Delete a standard account, privileged account, or SA-privileged account - ApsaraDB RDS

You can delete standard accounts, privileged accounts, and SA-privileged accounts from an ApsaraDB RDS for SQL Server instance in the ApsaraDB RDS console or by calling an API operation.

Account permission rules

Privileged account management rules

Operation scenario	Permission behavior
Create a privileged account	When you create the account, it is automatically granted the db_owner role for all existing databases. You do not need to grant permissions manually.
Add a database	The account does not have access permissions to databases created after the account is created. Log on to the ApsaraDB RDS console and modify the permission scope of the privileged account. After you grant permissions, the account obtains the db_owner permission on the new database.
Delete a privileged account	The delete operation permanently removes the account and its operation permissions on all databases. The account can no longer be used to log on or perform any database operations.
Recreate a privileged account	If you create a privileged account again, regardless of whether you use the original username, the system automatically grants the account the db_owner permission on all existing databases in the current instance. For databases created after this, you still need to manually modify permissions to grant the account the db_owner permission.

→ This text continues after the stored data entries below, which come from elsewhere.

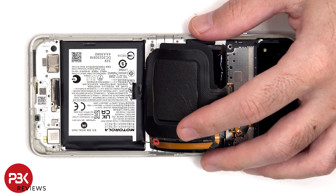Moving on to the battery — in order to remove it, there are no pull tabs provided to help you pry it off, so you'll need to use some isopropyl alcohol applied to the sides of the battery and let it sit for about 30 seconds to a minute so it eats away at the adhesive underneath, making it easier to pry off.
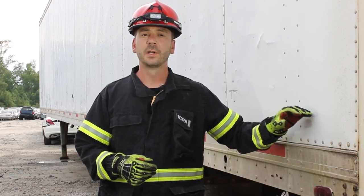Hi, I'm Brock Archer with Advanced Extrication. Welcome to our Extrication Minutes video, every Tuesday on Fire Engineering. This week we're going to talk about the air ride suspension control valve on tractor trailers.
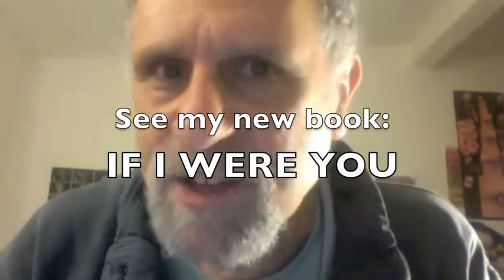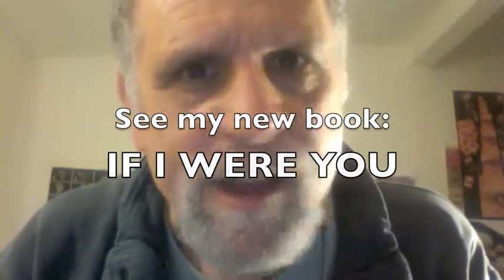Thank you very much. I'll see you later in the Poetry Kitchen of life.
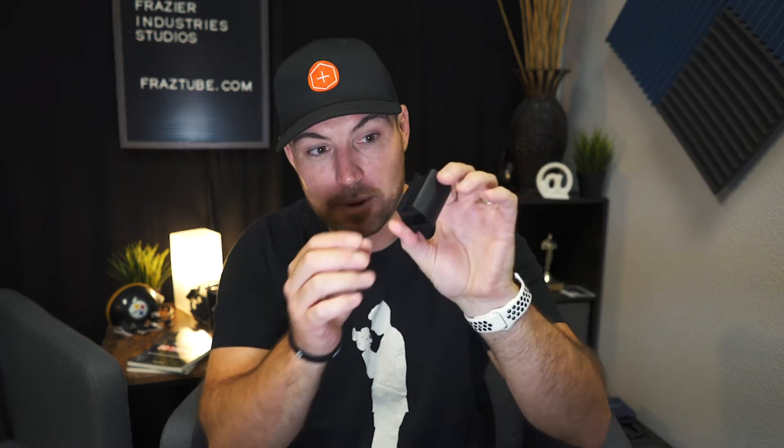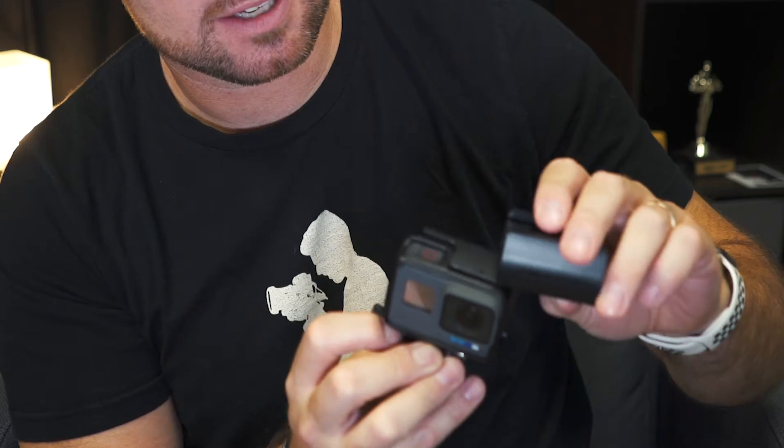I was on Amazon - which is where you find all the great things you need - and I found this. It's just a little black piece of plastic, nothing special looking about it. Except it changes your life with the GoPro. All it does is you take your GoPro on top and this thing slides right over the lock for the frame.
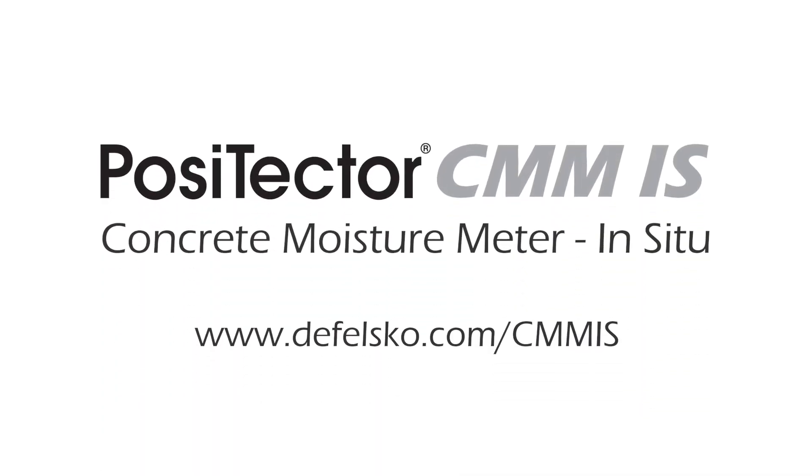The innovative Positector CMM-IS makes the process of concrete moisture measurement simpler, easier, and more accurate. Backed by DeFelsco's renowned quality, customer service, and exceptional two-year warranty, the Positector CMM-IS is the ideal choice for your concrete moisture measurement needs.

Standard account management rules

Operation scenario	Permission behavior
Create a standard account	When you create the account, you must manually specify the authorized databases and their corresponding permissions: Read/Write, Read-Only, or Owner. If you do not select any database, the account is created but has no access permissions to any database. The account has no permissions on any database. You must manually grant permissions.
Add a database	A standard account does not have access permissions to newly created databases by default. Even if the account was previously granted permissions, it is not automatically associated with new databases. You must manually add the new database to the target account's authorization list and set the corresponding permissions.
Delete a standard account	After the account is deleted, all its database access permissions are permanently purged. The account can no longer be used to log on or perform any database operations. Connections from attached applications will fail. You must update the account and password information promptly.
Recreate a standard account with the same name	Even if you recreate an account with the same name, its original permissions are not automatically restored. The new account is in a "blank state" and has no permissions on any database. You must manually re-authorize databases and set permissions to restore access.

Procedure

Go to the Instances page. In the top navigation bar, select the region in which the RDS instance resides. Then, find the RDS instance and click the ID of the instance.
In the left-side navigation pane, click Accounts.
Find the account that you want to delete, and click Delete in the Actions column.
In the dialog box that appears, click OK.

References

Delete a database account by calling the DeleteAccount API operation.
Use the command line to manage LOGIN users and manage USER users.

FAQ

How do I resolve the error "`The database principal owns a schema in the database.`" when I delete an account from an ApsaraDB RDS for SQL Server instance?

Problem description

When I try to delete an account on the Accounts page of an ApsaraDB RDS for SQL Server instance, the following error message is reported:

The database principal owns a schema in the database.

Cause

When an account is the owner of a schema, an ownership relationship is established between the account and the schema. SQL Server blocks the deletion of such an account to maintain schema integrity. In this scenario, the account cannot be deleted because it is still the owner of one or more schemas in a database.

Solutions

Connect to the SQL Server instance using SQL Server Management Studio (SSMS).
Query the databases in which the target account is a schema owner, and then transfer the schema ownership to another account.
- Method 1: View and change the schema owner in the SSMS graphical user interface (GUI)
- Method 2: View and change the schema owner using SQL statements
  1. Check which databases contain schemas owned by the target account:
```
USE <target_database_name>;
GO
SELECT sis.name AS SchemaName, soo.name AS OwnerName FROM sys.schemas sis JOIN sys.database_principals soo ON sis.principal_id = soo.principal_id where soo.name='username_to_delete'
```
  2. Change the owner of the database schema to another account:
```
ALTER AUTHORIZATION ON SCHEMA::<target_schema_name> TO <new_owner_username>;
```
After you change the owner, return to the Accounts page of the ApsaraDB RDS for SQL Server instance and delete the target account.